Look for an audio interface to throw in my laptop backpack along with my M32...

I’d buy a RME Babyface Pro FS but can’t justify the cost...as Ill be using Kontakt mostly...what’s the Komplete Audio 2 like? Are the drivers for Windows robust?

Cheers!


----------



## Zanshin (Sep 28, 2020)

easyrider said:


> Look for an audio interface to throw in my laptop backpack along with my M32...
> 
> I’d buy a RME Babyface Pro FS but can’t justify the cost...as Ill be using Kontakt mostly...what’s the Komplete Audio 2 like? Are the drivers for Windows robust?
> 
> Cheers!



You should consider the Audient EVO 4 as well. It is quality, not expensive, good form factor for your use, and stupid simple. I've had one for a while now (win10) and it just works - no complaints.


----------



## easyrider (Sep 28, 2020)

Zanshin said:


> You should consider the Audient EVO 4 as well. It is quality, not expensive, good form factor for your use, and stupid simple. I've had one for a while now (win10) and it just works - no complaints.

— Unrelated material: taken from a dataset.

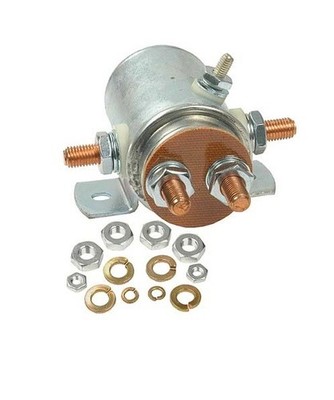 Continuous Duty 12V Solenoid Relay 5-Terminal Ramsey Winch 440003 SBD4201D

I’ll take a look....I was actually looking at he ID4...but I’m guessing at this price range they are all similar so it’s drivers for me...and latency...


----------



## Zanshin (Sep 28, 2020)

I'd bet the ID4 is decent too. I think at this price range the latency is not going to be out of this world good (or horrible). But like you I couldn't justify a Babyface Pro haha. I run my EVO 4 with a phantom powered inline preamp from Souyez for a SM7B. A cool little combo imo


----------



## easyrider (Sep 28, 2020)

The Presonus Studio 24c looks to have a few decent software plugs with it...









Studio Magic | PreSonus







www.presonus.com





I use Studio one as well....


----------



## Audio Birdi (Sep 29, 2020)

The Audient ID14 needs to be plugged in via a mains Power Supply for phantom power to work. The Evo 4 might be of a lesser-build quality in terms of plastic vs aluminium but for £100 and 2 mic-preamps you can't go wrong!

Julian Krause's YouTube channel has done reviews on a lot of low-priced interfaces recently which is definitely worth checking out!








Julian Krause


Hey, I'm Julian Krause and on this channel you can find video and audio equipment reviews, tutorials on how to use this stuff and filmmaking tips and tricks.




www.youtube.com


----------



## easyrider (Sep 29, 2020)

Audio Birdi said:


> The Audient ID14 needs to be plugged in via a mains Power Supply for phantom power to work. The Evo 4 might be of a lesser-build quality in terms of plastic vs aluminium but for £100 and 2 mic-preamps you can't go wrong!
> 
> Julian Krause's YouTube channel has done reviews on a lot of low-priced interfaces recently which is definitely worth checking out!
> 
> ...



cheers...The ID4 I mentioned uses bus power...


----------



## Nate Johnson (Oct 2, 2020)

I use the Komplete Audio 2 - but on a mac though. Zero issues.


----------



## Martin S (Oct 2, 2020)

+1 on the EVO4. Also bus powered. Very good sound quality for the price...


----------